Le ministre russe des Affaires étrangères est annoncé pour deux jours au Forum diplomatique d’Antalya (sud), un rendez-vous annuel de la diplomatie turque avec les pays amis: il doit y rencontrer son homologue Hakan Fidan et s’entretiendra probablement avec le chef de l’Etat turc, comme au cours de ses visites à Ankara.
Depuis le début de l’invasion russe de l’Ukraine en février 2022, la Turquie a veillé à garder le lien avec les deux parties en conflit.
Avec la Hongrie, elle « demeure l’un des derniers pays de l’Alliance atlantique à maintenir le dialogue avec Moscou », relève Sinan Ülgen, le directeur du groupe de réflexion Edam à Istanbul.
« Dans un contexte géopolitique modifié par la guerre, elle fait attention à garder ce rôle pour l’avenir, espérant capitaliser dessus au moment de possibles pourparlers de paix », ajoute-t-il.
C’est ainsi, selon lui, qu’il faut comprendre l’annonce mercredi de M. Erdogan concernant la recherche avec les Nations unies d’un nouveau mécanisme de sécurité en mer Noire, dont la Turquie longe la partie méridionale, quand les deux belligérants se trouvent au nord.
« Il nous faut une régulation qui garantisse la navigation sécurisée des bâtiments de commerce en mer Noire », a déclaré le chef de l’Etat dans un message vidéo adressé au sommet de dirigeants d’Europe du sud-est en Albanie, en présence du président ukrainien Volodymyr Zelensky.
« Dans ce but, nous poursuivons nos contacts », a-t-il ajouté sans autres précisions.
– Céréales en mer Noire –
La Turquie s’était beaucoup impliquée dans l’établissement d’un corridor sécurisé en mer Noire associant l’Ukraine et la Russie sous l’égide de l’ONU. Un accord à ce sujet avait été signé en juillet 2022 à Istanbul, puis dénoncé un an plus tard par Moscou.
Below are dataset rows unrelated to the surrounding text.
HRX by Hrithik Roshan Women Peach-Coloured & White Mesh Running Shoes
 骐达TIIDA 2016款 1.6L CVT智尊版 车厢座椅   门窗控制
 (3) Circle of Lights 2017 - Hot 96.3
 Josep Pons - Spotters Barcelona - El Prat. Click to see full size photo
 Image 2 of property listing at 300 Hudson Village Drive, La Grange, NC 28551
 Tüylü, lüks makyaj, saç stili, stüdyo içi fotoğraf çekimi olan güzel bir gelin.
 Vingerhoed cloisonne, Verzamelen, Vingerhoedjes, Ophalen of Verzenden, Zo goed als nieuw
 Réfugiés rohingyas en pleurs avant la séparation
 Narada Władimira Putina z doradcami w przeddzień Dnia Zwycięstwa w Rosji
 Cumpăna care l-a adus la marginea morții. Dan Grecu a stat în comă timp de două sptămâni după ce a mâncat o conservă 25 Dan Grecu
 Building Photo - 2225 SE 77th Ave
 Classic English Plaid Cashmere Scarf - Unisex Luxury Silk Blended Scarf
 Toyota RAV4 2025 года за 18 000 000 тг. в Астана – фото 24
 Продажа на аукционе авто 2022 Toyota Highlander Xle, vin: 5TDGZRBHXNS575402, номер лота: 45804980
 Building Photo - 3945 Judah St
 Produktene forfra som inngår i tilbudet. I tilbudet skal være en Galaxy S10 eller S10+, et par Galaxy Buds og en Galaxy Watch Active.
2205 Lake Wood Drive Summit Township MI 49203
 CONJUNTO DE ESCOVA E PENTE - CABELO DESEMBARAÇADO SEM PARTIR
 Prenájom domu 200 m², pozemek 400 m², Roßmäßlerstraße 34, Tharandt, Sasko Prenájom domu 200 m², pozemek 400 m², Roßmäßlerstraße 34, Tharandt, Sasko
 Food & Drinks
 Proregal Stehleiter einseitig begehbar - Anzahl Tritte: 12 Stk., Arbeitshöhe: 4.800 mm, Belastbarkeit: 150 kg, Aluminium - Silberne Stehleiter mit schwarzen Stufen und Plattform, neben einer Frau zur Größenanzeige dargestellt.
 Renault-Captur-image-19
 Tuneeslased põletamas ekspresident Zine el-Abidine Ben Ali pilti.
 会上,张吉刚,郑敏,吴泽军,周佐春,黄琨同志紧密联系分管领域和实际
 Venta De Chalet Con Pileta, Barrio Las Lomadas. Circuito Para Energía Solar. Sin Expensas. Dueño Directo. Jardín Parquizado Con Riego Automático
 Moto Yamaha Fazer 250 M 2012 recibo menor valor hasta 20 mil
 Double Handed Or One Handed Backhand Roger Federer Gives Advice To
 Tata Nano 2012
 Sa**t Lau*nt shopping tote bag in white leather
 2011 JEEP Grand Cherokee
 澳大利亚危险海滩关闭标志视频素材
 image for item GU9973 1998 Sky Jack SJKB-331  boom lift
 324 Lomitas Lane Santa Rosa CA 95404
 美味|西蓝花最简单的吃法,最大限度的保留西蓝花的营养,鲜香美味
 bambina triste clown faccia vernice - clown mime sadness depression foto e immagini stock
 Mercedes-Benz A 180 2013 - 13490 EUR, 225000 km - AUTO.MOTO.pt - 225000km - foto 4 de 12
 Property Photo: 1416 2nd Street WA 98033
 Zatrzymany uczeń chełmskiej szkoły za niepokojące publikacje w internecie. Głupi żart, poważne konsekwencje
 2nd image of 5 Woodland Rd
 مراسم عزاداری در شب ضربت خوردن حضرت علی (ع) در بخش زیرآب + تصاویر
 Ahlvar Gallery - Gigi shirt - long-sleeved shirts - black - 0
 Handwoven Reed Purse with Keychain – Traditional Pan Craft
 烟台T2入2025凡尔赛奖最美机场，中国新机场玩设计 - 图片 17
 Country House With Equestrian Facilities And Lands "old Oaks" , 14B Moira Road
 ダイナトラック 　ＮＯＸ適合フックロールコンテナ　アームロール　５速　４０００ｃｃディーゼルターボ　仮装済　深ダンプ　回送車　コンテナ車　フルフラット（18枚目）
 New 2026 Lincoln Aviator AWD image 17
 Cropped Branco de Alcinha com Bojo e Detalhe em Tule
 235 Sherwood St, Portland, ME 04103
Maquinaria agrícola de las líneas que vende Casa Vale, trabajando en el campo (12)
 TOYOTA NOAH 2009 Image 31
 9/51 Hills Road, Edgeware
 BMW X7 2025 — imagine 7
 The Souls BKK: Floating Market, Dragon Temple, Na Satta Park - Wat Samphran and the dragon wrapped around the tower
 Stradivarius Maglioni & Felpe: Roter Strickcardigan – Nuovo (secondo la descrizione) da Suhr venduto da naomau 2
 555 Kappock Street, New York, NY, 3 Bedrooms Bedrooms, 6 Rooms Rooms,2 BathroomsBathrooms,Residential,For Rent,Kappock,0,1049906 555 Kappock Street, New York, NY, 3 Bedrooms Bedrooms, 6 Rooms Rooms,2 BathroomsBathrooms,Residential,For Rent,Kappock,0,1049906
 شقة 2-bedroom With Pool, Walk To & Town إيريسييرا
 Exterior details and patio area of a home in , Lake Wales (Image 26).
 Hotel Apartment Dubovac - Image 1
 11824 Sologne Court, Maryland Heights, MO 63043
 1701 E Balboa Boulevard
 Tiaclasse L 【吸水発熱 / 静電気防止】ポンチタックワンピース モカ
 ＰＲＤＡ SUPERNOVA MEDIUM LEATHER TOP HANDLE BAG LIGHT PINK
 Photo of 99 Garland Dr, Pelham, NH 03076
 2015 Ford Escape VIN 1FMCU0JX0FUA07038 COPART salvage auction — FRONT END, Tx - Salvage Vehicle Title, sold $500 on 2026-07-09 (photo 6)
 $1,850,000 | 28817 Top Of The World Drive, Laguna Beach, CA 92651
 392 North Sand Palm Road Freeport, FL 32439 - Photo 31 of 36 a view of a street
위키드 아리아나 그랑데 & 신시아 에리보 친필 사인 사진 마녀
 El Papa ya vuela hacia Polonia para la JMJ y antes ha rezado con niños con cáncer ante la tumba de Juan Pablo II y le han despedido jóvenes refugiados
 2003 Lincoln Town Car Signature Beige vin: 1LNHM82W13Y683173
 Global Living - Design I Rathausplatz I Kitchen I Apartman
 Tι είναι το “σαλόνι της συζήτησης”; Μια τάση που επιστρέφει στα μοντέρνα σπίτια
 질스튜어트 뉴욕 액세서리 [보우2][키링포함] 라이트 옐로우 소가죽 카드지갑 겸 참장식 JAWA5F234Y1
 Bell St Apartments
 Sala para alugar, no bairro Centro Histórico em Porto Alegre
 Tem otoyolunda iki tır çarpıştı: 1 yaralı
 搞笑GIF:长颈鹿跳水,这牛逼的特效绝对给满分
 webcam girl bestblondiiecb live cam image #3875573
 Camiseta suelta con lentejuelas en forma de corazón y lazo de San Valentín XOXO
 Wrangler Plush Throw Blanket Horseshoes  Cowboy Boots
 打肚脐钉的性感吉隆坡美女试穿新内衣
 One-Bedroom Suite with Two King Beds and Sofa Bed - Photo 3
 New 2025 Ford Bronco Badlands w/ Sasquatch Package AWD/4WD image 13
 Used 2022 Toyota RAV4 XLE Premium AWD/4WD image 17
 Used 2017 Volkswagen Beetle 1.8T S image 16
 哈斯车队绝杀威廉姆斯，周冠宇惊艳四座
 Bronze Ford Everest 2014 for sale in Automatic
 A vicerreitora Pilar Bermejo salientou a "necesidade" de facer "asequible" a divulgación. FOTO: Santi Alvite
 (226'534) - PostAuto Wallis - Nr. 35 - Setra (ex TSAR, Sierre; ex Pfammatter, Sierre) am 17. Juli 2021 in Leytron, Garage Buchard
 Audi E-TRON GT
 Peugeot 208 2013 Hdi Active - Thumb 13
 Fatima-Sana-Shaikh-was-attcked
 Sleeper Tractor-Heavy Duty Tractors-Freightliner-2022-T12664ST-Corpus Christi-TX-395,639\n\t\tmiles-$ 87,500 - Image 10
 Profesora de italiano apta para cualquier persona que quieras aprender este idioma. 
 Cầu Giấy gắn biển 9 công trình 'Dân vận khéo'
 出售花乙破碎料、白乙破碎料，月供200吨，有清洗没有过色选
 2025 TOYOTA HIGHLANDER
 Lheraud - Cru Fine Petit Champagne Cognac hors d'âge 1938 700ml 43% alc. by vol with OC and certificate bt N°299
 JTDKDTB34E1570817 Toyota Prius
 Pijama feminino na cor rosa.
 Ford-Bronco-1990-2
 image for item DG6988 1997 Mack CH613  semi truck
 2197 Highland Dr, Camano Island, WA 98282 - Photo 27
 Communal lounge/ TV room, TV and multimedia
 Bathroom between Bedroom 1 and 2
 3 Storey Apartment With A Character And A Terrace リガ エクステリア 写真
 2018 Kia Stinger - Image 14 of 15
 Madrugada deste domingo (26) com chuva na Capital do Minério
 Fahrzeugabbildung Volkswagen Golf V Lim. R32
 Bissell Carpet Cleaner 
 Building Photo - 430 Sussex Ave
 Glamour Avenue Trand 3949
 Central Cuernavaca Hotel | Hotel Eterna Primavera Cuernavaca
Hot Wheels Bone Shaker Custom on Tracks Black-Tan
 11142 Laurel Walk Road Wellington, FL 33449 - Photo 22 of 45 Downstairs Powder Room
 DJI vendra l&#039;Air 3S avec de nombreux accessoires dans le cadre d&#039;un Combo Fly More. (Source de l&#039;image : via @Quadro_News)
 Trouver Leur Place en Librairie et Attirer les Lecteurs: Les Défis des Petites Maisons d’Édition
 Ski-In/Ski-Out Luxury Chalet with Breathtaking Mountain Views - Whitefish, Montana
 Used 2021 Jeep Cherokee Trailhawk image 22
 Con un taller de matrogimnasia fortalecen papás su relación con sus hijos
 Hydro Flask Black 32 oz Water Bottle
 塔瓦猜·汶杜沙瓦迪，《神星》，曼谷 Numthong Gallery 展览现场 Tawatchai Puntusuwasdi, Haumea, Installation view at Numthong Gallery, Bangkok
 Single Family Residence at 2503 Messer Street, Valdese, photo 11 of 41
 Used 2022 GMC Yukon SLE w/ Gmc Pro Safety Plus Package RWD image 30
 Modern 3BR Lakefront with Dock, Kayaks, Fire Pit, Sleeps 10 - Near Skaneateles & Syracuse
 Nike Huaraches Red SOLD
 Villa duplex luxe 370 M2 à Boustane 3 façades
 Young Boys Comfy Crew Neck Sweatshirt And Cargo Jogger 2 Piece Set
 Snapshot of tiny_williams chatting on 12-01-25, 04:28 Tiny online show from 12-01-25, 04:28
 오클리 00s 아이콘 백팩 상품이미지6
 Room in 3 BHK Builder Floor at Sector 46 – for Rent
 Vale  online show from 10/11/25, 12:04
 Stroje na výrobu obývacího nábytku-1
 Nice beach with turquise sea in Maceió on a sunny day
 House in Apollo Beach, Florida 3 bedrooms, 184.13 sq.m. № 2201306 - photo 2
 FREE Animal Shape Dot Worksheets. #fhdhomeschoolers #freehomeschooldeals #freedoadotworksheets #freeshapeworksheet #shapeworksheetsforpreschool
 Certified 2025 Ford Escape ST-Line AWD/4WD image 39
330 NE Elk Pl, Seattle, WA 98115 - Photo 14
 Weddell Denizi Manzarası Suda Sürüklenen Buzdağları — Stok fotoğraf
Il avait permis à l’Ukraine d’exporter près de 33 millions de tonnes de céréales, selon les Nations unies, tandis que la Russie déplorait les obstacles mis à ses propres exportations agricoles.
M. Erdogan avait alors appelé à ne pas « marginaliser la Russie », sans laquelle aucun accord sur la navigation en mer Noire ne saurait être « viable ».
Depuis, Kiev utilise avec succès une voie alternative longeant les côtes de la Bulgarie et de la Roumanie, membres de l’Alliance atlantique, avec lesquelles Ankara a signé en janvier un accord de lutte contre les mines.
La Turquie, qui reste très dépendante de la Russie pour ses approvisionnements énergétiques, ne s’est pas associée aux sanctions occidentales à son encontre et se voit régulièrement accusée d’aider à leur contournement.
Seize entités turques sont ainsi désignées dans le dernier train de sanctions annoncé la semaine dernière par la Maison Blanche.
Il s’agit en particulier d’entreprises important, pour les réexporter, du matériel contenant des pièces nécessaires à l’industrie militaire russe.
« Vu l’accroissement important du commerce entre la Turquie et la Russie (…), il y a en effet des investigations » sur un contournement des sanctions occidentales par la Russie, confirme Marc Pierini, chercheur associé à l’Institut Carnegie Europe.
Ce dernier souligne aussi « l’intérêt très prononcé de la Russie » pour le secteur énergétique turc avec « la centrale nucléaire d’Akkuyu (sud), les rabais sur le prix du gaz russe et des paiements en roubles, la promotion d’un hub gazier » et l’annonce par Rosatom, le géant russe du nucléaire, de la construction d’une deuxième centrale en Turquie et son intérêt pour une troisième.
« La Turquie essaie de mener une politique prudente, poursuivant ses relations commerciales avec la Russie tout en veillant à ne pas franchir une ligne rouge qui l’exposerait à des mesures de rétorsion de la part des Occidentaux », résume Sinan Ülgen.
Le Forum d’Antalya, une grande station balnéaire de la côte sud de la Turquie, réunit chaque année des chefs d’Etat et de gouvernement, des ministres, des diplomates, des hommes d’affaires et des chercheurs.